Since I feel like injecting more data.

P4:

note the integer dispatch limitation. [Answer 2]



Yohan:

note the integer dispatch limitation. [Answer 2]




Conroe: [Answer 3]

note the integer dispatch limitation.




Nehalem:

note the integer dispatch limitation. [Answer 3]



note that Barcelona has the EXACT SAME integer dispatch limitation. [Answer 3]



While I was gone, I wrote a couple basic micro-benchmarks:

1) A Integer compute limited micro-benchmark [Makes OoO and prediction useless; since it is impossible to mispredict and no hazards exist]
Which quickly found several interesting things:
a) performance was determined entirely by the following formula: time = 100,000 / (clock speed * number of integer instructions per clock executed)
b) When work shifted to more complex integer instruction mix [less adds and more XNORs] AMD began to have a drastic performance advantage
c) When work shifted to more complex floating point instruction mix [less adds and more shuffles] Intel began to have a drastic performance advantage

2) In a compute low, data rich program [b-trees and triple indirection vs arrays and zippers]
Several interesting things were found:
a) Performance was determined ENTIRELY by average latency in nano-seconds for data fetch [CPU clock speed, integer unit count, and etc didn't matter]
b) Caches showed improved performance until reaching 1 MB [Then showed rapidly dropping diminishing returns]
c) prediction seemed to be extremely closely tied to less than a half dozen assumptions [BOTH for AMD and Intel] Ironically both AMD and Intel, share only 3 of them. Any code outside of those assumptions had an average latency of main memory. [Extreme cache thrashing]

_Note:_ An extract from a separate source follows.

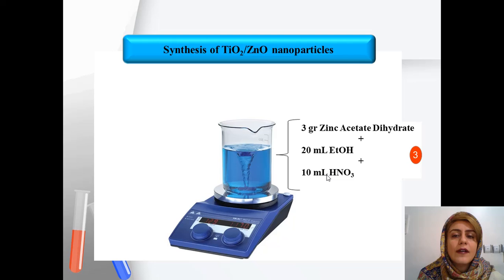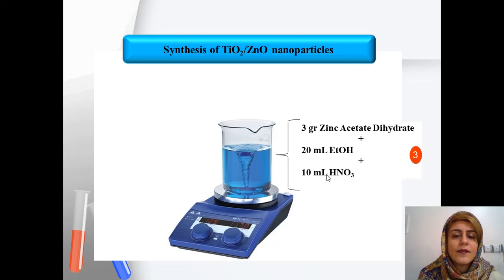Next, the solution of the second precursor is produced. The second precursor is zinc acetate dehydrate. For this purpose, three grams of zinc acetate dehydrate is added to 20 milliliters of ethanol and 10 milliliters of nitric acid, and this solution is stirred for about 30 minutes.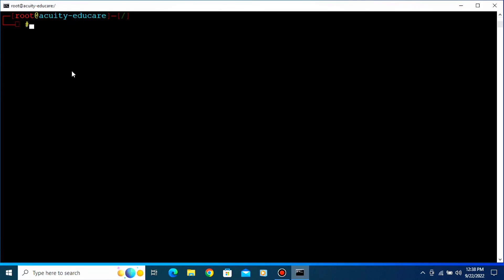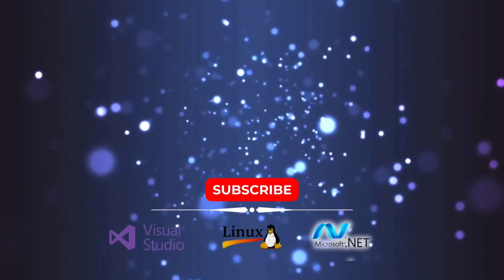So this is how you can put some running applications in the background, find the PID number, and kill that PID. After pressing Ctrl+Z, you can put your running process in the background. Type 'jobs' to see background processes. To get the PID number, use the 'ps' command, then use the 'kill' command or 'kill -9' to forcefully kill that process.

3) Finally in the real world; I took the following common applications and modified them to properly monitor them.
They generated the following average IPC under Ideal conditions:
a) Firefox [0.3 - 0.5 basic browsing; 2.7 when rendering video]
b) Open Office [0.01 - 0.7]
c) Apache [0.9 - 1.2]
d) XFREE86 [0.02 - 0.04]
e) GNOME [0.0001 - 0.0002]
f) KDE [0.0001 - 0.0002]


Now, I may be incorrect but what I have drawn from the preceding experiential evidence, is that with the exception of video rendering; The user will see absolutely no reduction in performance by AMD reducing the number of Integer Units.